On Monday, May 16, I watched the webcast from the Heritage Foundation called, “God and Party Politics: A Conversation.” Jim Wallis, editor of Sojourners, represented the Left, and Joseph Loconte, Heritage’s William E. Simon Fellow in Religion and a Free Society, represented the Right. Both said the other misconstrued their words a bit.
Wallis opened by saying “religion should not be ideologically predictable” or loyal to a political party. He called himself “a nineteenth century evangelical,” praising Charles Finney for devising the altar call and using it as an opportunity to sign people up for an antislaveryy campaign. “The Right,” he said, “needs to broaden its thinking on values.” The most surprising of his statements was that Americans had the resources to end world poverty, if we only had the moral and political will to use those resources.
Loconte argued that Wallis was wrong to promote direct applications of Old Testament commands to the U.S. He said that Israel was a theocracy, and God made the rules for them; but the U.S. is a secular democracy, so some kind of translation must be made if a truth in the Old Testament is to be applied to our country.
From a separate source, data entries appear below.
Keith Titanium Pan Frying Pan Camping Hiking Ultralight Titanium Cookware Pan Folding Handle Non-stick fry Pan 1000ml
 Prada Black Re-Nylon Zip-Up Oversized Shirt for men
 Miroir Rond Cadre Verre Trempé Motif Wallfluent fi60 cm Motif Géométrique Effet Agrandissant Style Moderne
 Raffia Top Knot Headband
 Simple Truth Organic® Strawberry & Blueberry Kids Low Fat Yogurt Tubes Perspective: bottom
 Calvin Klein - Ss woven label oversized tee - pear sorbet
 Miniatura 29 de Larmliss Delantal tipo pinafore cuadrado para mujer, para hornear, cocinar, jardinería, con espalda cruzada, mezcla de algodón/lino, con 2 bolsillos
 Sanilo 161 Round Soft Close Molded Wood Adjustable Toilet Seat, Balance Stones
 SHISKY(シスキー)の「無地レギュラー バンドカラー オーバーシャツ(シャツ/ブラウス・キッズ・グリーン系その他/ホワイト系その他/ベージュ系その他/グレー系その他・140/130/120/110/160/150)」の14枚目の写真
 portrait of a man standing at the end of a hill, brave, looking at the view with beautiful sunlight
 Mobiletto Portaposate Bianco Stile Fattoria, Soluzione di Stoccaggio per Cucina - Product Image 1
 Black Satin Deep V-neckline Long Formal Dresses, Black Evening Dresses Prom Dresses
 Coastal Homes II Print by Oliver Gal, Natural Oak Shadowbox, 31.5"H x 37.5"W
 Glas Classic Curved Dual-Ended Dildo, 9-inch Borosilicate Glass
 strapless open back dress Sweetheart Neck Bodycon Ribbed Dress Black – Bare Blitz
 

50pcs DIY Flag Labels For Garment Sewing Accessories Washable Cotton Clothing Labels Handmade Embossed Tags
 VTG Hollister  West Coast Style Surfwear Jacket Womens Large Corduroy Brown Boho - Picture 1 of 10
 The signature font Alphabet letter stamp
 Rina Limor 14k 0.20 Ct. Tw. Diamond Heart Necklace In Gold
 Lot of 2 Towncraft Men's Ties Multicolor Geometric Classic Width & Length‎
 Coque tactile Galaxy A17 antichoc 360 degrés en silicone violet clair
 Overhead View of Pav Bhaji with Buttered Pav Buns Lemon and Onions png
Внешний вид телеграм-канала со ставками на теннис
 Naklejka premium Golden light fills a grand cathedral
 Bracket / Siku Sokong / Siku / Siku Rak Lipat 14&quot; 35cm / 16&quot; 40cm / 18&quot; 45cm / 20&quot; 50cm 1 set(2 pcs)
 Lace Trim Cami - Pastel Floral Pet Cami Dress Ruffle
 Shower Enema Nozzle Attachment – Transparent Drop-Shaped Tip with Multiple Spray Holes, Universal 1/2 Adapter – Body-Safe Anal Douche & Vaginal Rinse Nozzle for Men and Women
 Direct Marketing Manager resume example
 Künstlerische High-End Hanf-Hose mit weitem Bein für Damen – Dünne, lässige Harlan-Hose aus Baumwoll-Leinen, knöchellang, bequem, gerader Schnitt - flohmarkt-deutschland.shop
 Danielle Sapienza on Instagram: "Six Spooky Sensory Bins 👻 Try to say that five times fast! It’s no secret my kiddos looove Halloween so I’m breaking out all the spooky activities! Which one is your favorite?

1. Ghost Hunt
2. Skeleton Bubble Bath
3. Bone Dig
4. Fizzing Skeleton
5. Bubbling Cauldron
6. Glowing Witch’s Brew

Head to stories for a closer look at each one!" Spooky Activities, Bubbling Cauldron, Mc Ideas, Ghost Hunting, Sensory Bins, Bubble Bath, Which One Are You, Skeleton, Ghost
In this way, Loconte said, Wallis and the Religious Left were using a “literalist,” even “fundamentalist,” interpretation of the Bible, something the Right is often accused of.
I think Wallis made some good points, but I find that political liberals can make plenty of good or seemingly good points which don’t pan out in the end. For instance, Wallis opposes the intervention in Iraq, but claims to support intervention “to save civil rights” in general when the time is right. I fear that the time is never right when real opportunities come. To this, Loconte said that it isn’t the government’s role “to turn my neighbor’s cheek,” giving no practical help to the one who suffers injustice. The government’s role, as I understand it from Scripture, is to promote mercy and defend justice.
Wallis went on to say that most of the world’s evangelicals agreed with him on the Iraq war.